Mieux vaut s’intéresser à ce genre romanesque (le Noir), à l’art d’écrire, en général, pour se lancer dans sa lecture d’un pavé, dont l’ambition est de montrer « la richesse de cette œuvre sinueuse ». Nicolas Le Flahec réussit le tour de force d’embrasser la totalité de l'œuvre de Manchette : romans, nouvelles, pièce de théâtre, scénarios, articles de journaux, traductions, correspondance, entretiens... Où l’on apprend qu’il s’est usé, à ses débuts, en « forçat de la machine à écrire », tels Martin Eden et Jack London, à produire des travaux de commande (alimentaires), du type scénario porno, pour Max Pecas (sans honte), notamment. Au lieu de se consacrer à sa déconstruction du polar, tout en jouant avec ses codes (hard-boiled, anti-héros, fond social, jeux de mots). Et que nombre de ses projets n’ont pas aboutis.
Dressant les contours d'une production, aussi composite qu’éclectique, permet d’appréhender la cohérence de son credo récurrent : refuser la littérature marchande, ou dite « artistique » (qui se regarde écrire, style « Nouveau roman », quoique… Echenoz), mais aussi les tensions qu’il provoqua, puis regretta, notamment avec son ami Pierre Siniac, et le producteur Gérard Lebovici. Résumer ici la teneur de cet immense travail (insistons sur ce point), de manière exhaustive, est impossible. Retenons qu’en rappelant ses références : Hammett, Chandler, Westlake, mais aussi Hemingway, Hegel, Marx, Flaubert, Orwell, Perec, Debord, Pelot, Prudon (mais pas Jonquet, pour des raisons essentiellement politiques, sans doute), on comprend la souplesse, autant que la rigueur, de l’auteur de « La position du tireur couché », capable d’humour mais aussi d’écrire dans le registre « behavioriste », très années (engagées) 50/70.
Publiée trente ans après la mort de l’écrivain-scénariste-traducteur-journaliste, l’ouvrage, titré finalement : « Jean-Patrick Manchette : écrire contre », est à la fois une commémoration, un hommage, mais aussi un essai littéraire objective, tout en étant forcément subjectif.
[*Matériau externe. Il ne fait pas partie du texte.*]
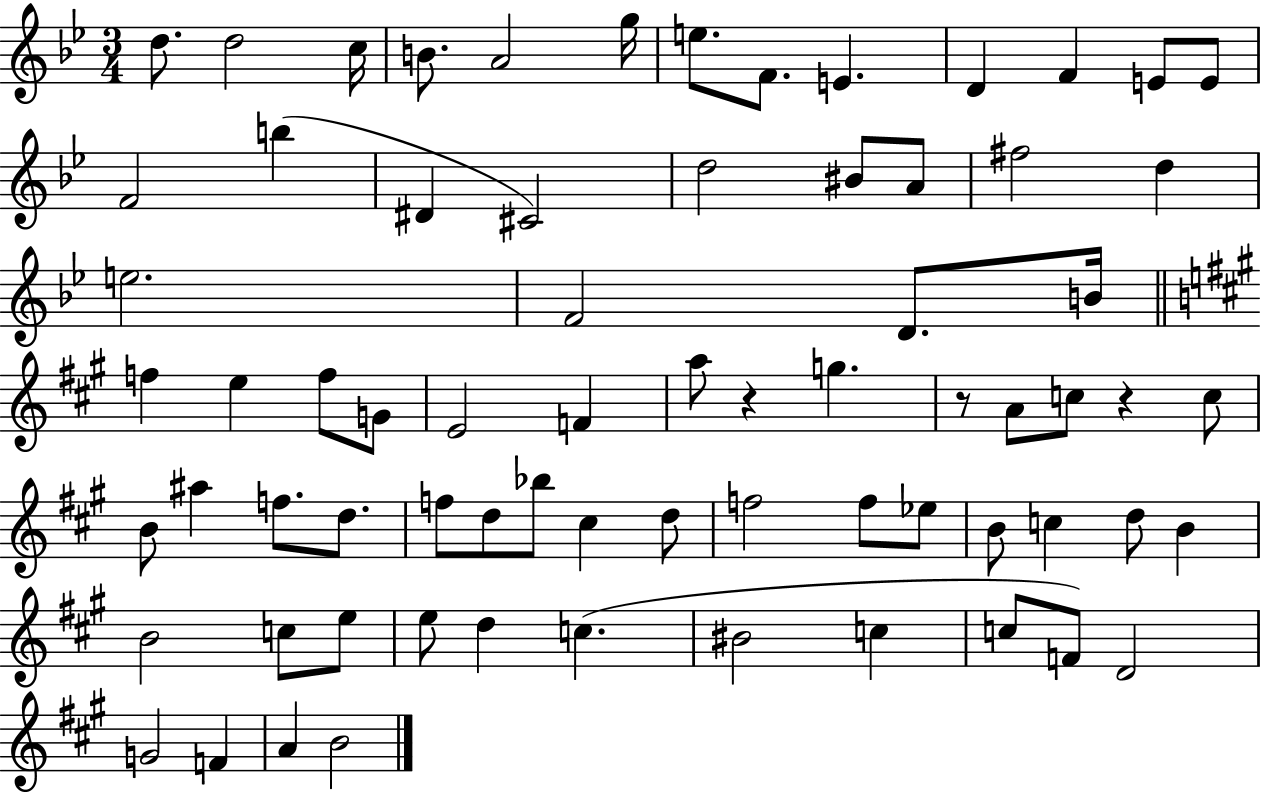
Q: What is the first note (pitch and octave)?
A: D5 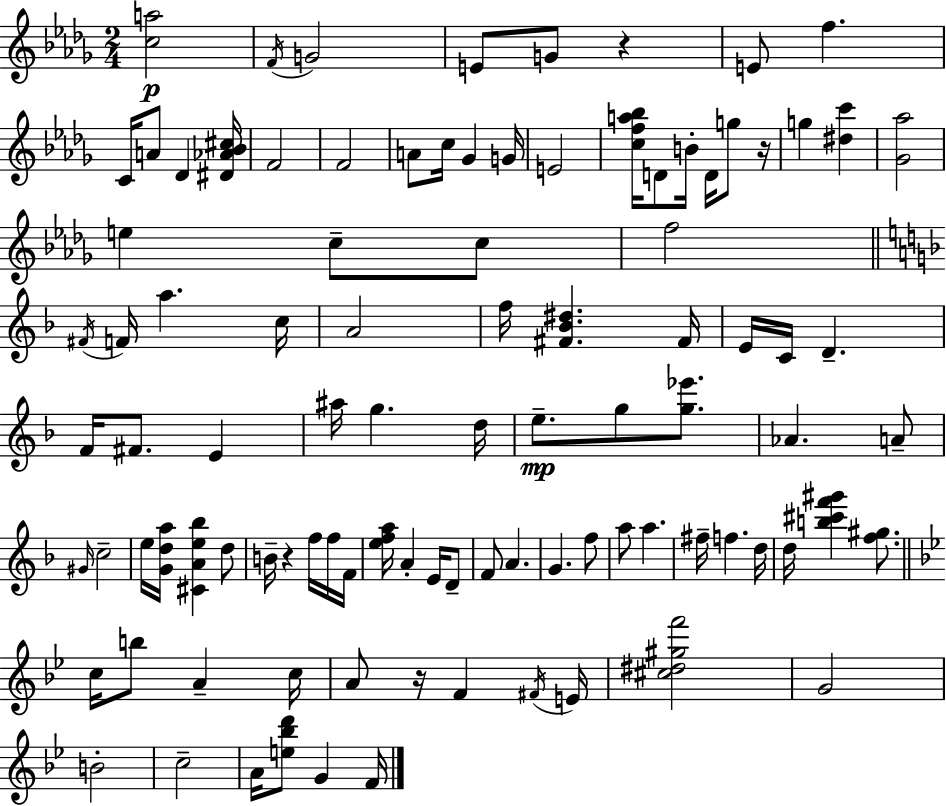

Car, on ne peut s’empêcher de se demander ce qu’aurait pensé Manchette d’une telle étude fouillée ? Poser la question, c’est y répondre. Lui qui rejetait toute forme de consécration académique, il aurait sans doute rejeté les neuf-dixième des auteurs de romans noirs qui se réclament de lui aujourd’hui. Perclus de contradictions, il aurait trouvé le moyen de s’en sortir par une pirouette qui ne soit pas trop désobligeante, tant le dit labeur est laudateur, riche, subtile et complet. Sans l’avouer, il aurait été flatté. Mais, à la première occasion, encore une fois, lui qui pouvait être tranchant, blessant, aurait « effacé l’origine de ses effacements » (rapport au thème de l’identité), ironisé sur la figure médiatique du « polardeux » (récupérée par le marché), et « l’immonde industrie du divertissement » - la fameuse « société du spectacle -, dans sa forme narrative, se serait gaussé de la littérature de loisir, représentée par la myriade de « srillers » et autres « feel-good-books », tout en acceptant le fait d’être « disséqué par des universitaires et des journalistes » (autoproclamés spécialistes du genre), distribuant des bons points aux auteurs bankables, fondus dans le « melting-pot de la culture marchandise »…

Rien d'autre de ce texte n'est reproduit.